# OMG, I love SoapQueens Stamp Soap!



## saltydog (May 17, 2011)

I bought some stamps on clearance at Micheal's...





Uploaded with ImageShack.us
Pink Sugar Scented <3





Uploaded with ImageShack.us
Sweet Pea Scented <3


----------



## MsDee (May 18, 2011)

Oh My they look absolutely Fabulous! I love your stamps.


----------



## Dragonkaz (May 18, 2011)

Ah Wow ... they are stunning!


----------



## Fullamoon (May 18, 2011)

REALLY cute! Nice job!


----------



## saltydog (May 18, 2011)

Thanks! 
I figure these will be great for the holidays, there are so many stamps you can (afford) buy, as opposed to many different molds..


----------



## chrisnkelley (May 18, 2011)

Wow - those are awesome!  I love how the stamped part is a contrasting color - it is really neat!


----------



## SideDoorSoaps (May 18, 2011)

these are so adorable!


----------



## soapbuddy (May 18, 2011)

Very pretty! How do you stamp MP soap?


----------



## saltydog (May 18, 2011)

soapbuddy,

You can watch the tut here!:

[ame="http://www.youtube.com/watch?v=52VRkZ_dt5M"]http://www.youtube.com/watch?v=52VRkZ_dt5M[/ame]


----------



## agriffin (May 18, 2011)

OMG!  Out of all the soaps I've seen done with that technique...yours are the best!  

Great job!


----------



## soapbuddy (May 19, 2011)

saltydog said:
			
		

> soapbuddy,
> 
> You can watch the tut here!:
> 
> http://www.youtube.com/watch?v=52VRkZ_dt5M


Thank you!
Never knew that you can buy unmounted rubber stamps like that.


----------



## saltydog (May 19, 2011)

agriffin said:
			
		

> OMG!  Out of all the soaps I've seen done with that technique...yours are the best!
> 
> Great job!



Really? Well, thank you very much


----------



## lioness (May 20, 2011)

Those are sooo cute I have to try that.....thanks for posting....I love how you did the dark color with the pink..


----------



## newbie (May 20, 2011)

Does anybody know if you'd be able to use this technique with CP? I don't know if the pH would ruin the stamps, or if the heat of gelling would do something nefarious.
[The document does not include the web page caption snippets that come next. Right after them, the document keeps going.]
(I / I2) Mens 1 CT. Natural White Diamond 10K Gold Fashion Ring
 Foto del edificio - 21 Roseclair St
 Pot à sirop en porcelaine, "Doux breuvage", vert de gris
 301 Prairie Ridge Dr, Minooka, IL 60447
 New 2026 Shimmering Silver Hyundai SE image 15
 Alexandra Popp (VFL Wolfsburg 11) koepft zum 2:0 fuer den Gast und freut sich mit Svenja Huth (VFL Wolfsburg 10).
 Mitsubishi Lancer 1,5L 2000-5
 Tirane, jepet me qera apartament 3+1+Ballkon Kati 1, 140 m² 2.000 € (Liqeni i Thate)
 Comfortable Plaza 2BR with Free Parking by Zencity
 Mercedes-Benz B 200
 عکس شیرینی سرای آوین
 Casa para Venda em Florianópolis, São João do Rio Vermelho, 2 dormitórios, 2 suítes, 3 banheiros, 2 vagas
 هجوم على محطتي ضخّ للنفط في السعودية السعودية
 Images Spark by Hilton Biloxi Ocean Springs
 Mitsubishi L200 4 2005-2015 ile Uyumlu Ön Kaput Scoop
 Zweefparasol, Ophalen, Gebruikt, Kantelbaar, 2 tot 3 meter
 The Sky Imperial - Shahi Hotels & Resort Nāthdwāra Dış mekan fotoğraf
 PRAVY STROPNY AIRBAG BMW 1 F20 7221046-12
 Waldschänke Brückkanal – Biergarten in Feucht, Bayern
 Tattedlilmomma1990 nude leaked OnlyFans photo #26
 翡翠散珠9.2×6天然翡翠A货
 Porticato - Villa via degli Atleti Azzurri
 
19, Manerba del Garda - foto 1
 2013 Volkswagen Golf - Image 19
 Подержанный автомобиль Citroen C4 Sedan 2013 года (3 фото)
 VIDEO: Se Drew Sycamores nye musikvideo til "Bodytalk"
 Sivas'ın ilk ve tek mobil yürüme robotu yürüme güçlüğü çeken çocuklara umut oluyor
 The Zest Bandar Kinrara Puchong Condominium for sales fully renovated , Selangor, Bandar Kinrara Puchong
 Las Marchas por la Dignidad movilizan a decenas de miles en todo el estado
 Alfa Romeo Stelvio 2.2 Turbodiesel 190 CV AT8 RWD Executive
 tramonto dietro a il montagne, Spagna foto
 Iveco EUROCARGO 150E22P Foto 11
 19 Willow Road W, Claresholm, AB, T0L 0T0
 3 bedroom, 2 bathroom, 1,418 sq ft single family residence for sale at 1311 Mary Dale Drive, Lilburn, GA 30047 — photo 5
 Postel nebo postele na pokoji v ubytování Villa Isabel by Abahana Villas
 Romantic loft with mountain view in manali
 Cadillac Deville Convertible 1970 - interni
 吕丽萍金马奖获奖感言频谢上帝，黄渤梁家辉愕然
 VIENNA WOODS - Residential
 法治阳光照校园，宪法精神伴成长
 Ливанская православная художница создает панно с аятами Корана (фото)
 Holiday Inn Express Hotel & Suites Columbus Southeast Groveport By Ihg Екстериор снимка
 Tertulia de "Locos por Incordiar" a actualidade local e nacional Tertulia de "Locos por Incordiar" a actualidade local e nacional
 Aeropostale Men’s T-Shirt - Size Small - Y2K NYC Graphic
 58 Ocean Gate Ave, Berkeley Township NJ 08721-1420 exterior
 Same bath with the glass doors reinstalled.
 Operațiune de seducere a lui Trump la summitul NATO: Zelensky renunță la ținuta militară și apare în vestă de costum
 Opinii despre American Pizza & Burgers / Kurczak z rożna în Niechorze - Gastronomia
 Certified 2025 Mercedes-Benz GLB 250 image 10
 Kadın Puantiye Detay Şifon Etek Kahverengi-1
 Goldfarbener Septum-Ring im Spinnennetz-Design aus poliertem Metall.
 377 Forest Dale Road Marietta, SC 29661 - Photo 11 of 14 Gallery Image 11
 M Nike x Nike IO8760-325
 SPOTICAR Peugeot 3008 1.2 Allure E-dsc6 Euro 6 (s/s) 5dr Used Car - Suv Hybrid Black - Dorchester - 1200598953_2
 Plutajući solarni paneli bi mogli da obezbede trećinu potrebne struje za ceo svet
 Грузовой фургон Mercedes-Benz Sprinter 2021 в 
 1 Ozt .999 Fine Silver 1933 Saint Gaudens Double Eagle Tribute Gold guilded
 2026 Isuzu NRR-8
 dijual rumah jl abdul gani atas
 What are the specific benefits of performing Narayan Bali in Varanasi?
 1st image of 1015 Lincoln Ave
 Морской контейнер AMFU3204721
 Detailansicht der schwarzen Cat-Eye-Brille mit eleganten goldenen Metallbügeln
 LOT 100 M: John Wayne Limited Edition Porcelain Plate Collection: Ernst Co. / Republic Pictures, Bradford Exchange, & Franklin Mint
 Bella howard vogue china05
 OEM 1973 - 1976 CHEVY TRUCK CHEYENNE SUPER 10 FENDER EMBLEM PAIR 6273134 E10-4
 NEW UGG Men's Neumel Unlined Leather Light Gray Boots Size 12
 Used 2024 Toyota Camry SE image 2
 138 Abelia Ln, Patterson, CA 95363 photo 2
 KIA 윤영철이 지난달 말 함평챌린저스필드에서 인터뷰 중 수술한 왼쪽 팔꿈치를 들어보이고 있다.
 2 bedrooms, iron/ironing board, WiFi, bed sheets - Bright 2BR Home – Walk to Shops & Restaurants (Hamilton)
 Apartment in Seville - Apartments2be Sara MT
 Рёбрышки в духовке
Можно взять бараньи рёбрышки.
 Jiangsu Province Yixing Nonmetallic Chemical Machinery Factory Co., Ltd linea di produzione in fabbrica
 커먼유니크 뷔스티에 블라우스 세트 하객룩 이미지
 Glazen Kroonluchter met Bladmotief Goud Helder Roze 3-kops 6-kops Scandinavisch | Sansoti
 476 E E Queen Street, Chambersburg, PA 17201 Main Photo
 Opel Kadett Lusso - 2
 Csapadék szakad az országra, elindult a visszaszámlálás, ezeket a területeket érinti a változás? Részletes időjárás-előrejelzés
You could not gel, but I still wonder about the pH issue.

I love how you did these. The pink and black ones are particularly stunning!


----------



## Guest (May 26, 2011)

Those are fantastic!


----------



## saltydog (May 27, 2011)

I can't wait to do more!...now to find the time  :wink:


----------



## llineb (May 29, 2011)

agriffin said:
			
		

> OMG!  Out of all the soaps I've seen done with that technique...yours are the best!
> 
> Great job!



I agree!!!!!!...Those are fabulous!!!!!!!


----------



## Lindy (May 30, 2011)

Those really are fantastic!  Like Newbie I wonder if this could be incorporated with CP....so beyond cool.  Thank you so much for sharing that with us.


----------



## Godiva (Jun 2, 2011)

Very nice - would love getting this as a gift.


----------



## LillaSyster (Jun 3, 2011)

Yes, the pink and black ones are awesome! I've seen the video before, but the pink and black ones really make me want to try the technique!


----------